Friday, December 21, 2001

The Art of Knowing the Enemy
At home, law-enforcement officials refer to Mohamed Atta, suspected as the ringleader of the Sept. 11 hijackers, as a criminal mastermind rather than as a military lieutenant dutifully following orders. The men he led are called suicide attackers, as if they were puppets afflicted with some sort of self-destructive psychosis rather than troops employing what is an extreme but by no means unusual military tactic: sacrificing their own handful of lives to achieve an overall objective deemed vital to their cause.

This basic error in profiling — treating terrorists as criminals rather than as soldiers — is the source from which other errors have sprung and continue to flow. What sane man, our officials have reasoned, abandons a loving family to engage in a suicidal crime? So the attackers must be insane. Yet would those same American officials and analysts make similar pronouncements about our own special forces troops who have died in high-risk operations? The willingness to sacrifice one's own life is not, in the context of military psychology, a foolproof gauge of mental imbalance. It can just as often — perhaps far more often — be evidence of a deep commitment.

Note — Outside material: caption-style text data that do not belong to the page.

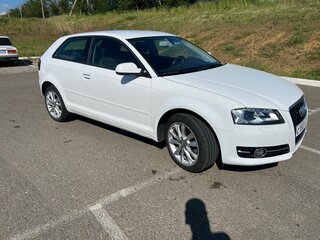 2011 Audi A3 II (8P) Рестайлинг 2, белый, 1090000 рублей, вид 4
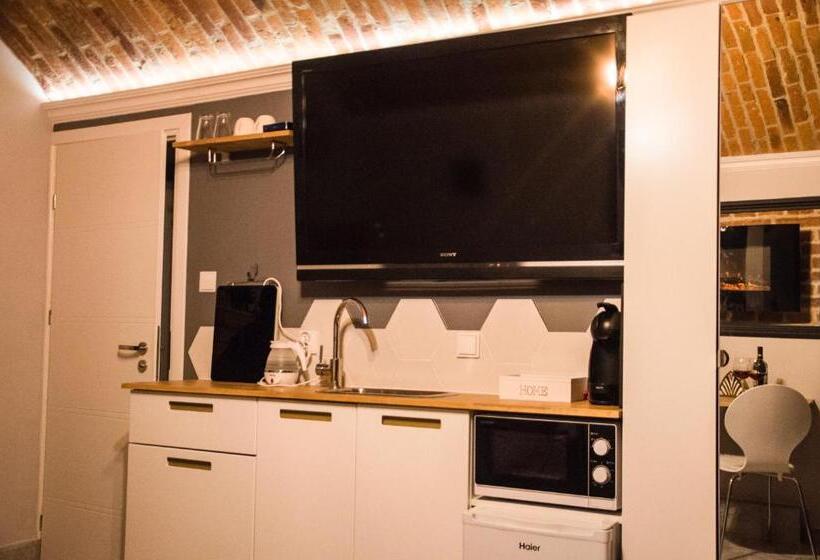 سوئیت با وان آب گرم, Underground Jacuzzi Rooms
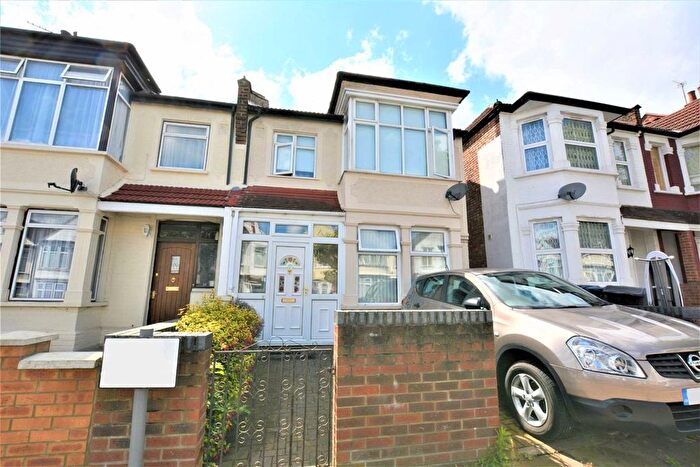 3 Bedroom Semi-Detached House To Rent In Audley Road, Hendon, NW4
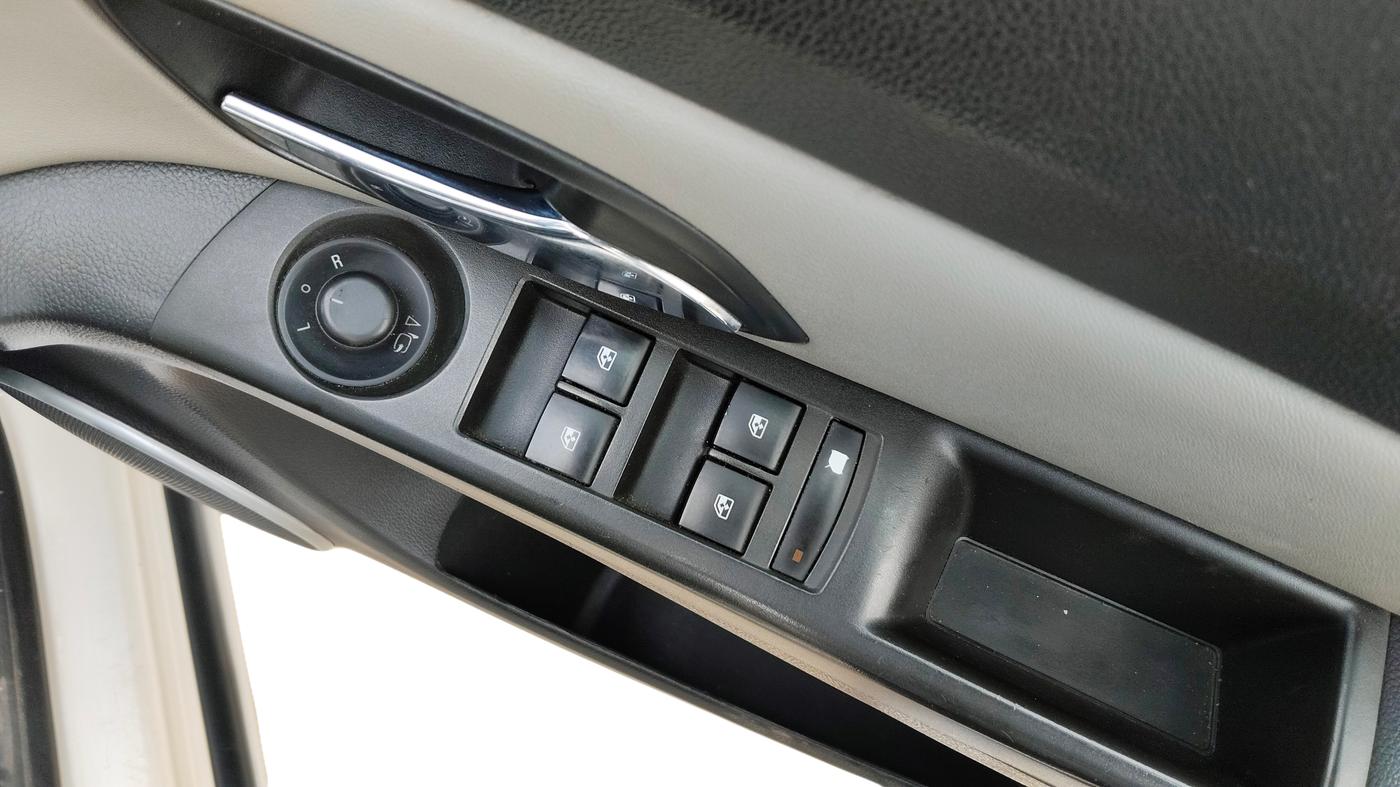 2016 Chevrolet Cruze LTZ AT, Diesel, Automatic, 87,300 km, Driver Side Door Panel Controls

Our lack of understanding of these men has even colored our interpretation of the bin Laden videotape. Even among anti-bin Laden Muslim commentators, there has been little if any suggestion that his occasional chuckling on the tape is intended as mockery of the Qaeda members who died in the attacks, as American officials characterized it. Rather, he is seen as expressing awe at the extent of their discipline and the damage they inflicted — just as Americans might quietly and admiringly chuckle at the amazing bravery and effectiveness of their own dead soldiers.

The mistaken ideas that Mr. bin Laden is scoffing at his followers and that the average Islamic terrorist is an unbalanced, suicidal misfit are more than just useless: this sort of profiling actively hampers the kind of genuine understanding that will help American citizens engage in constructive discrimination between those few Muslims who may be dangerous and the far greater number who have been placed under the pall of suspicion simply by virtue of their names, their nationalities and their religion.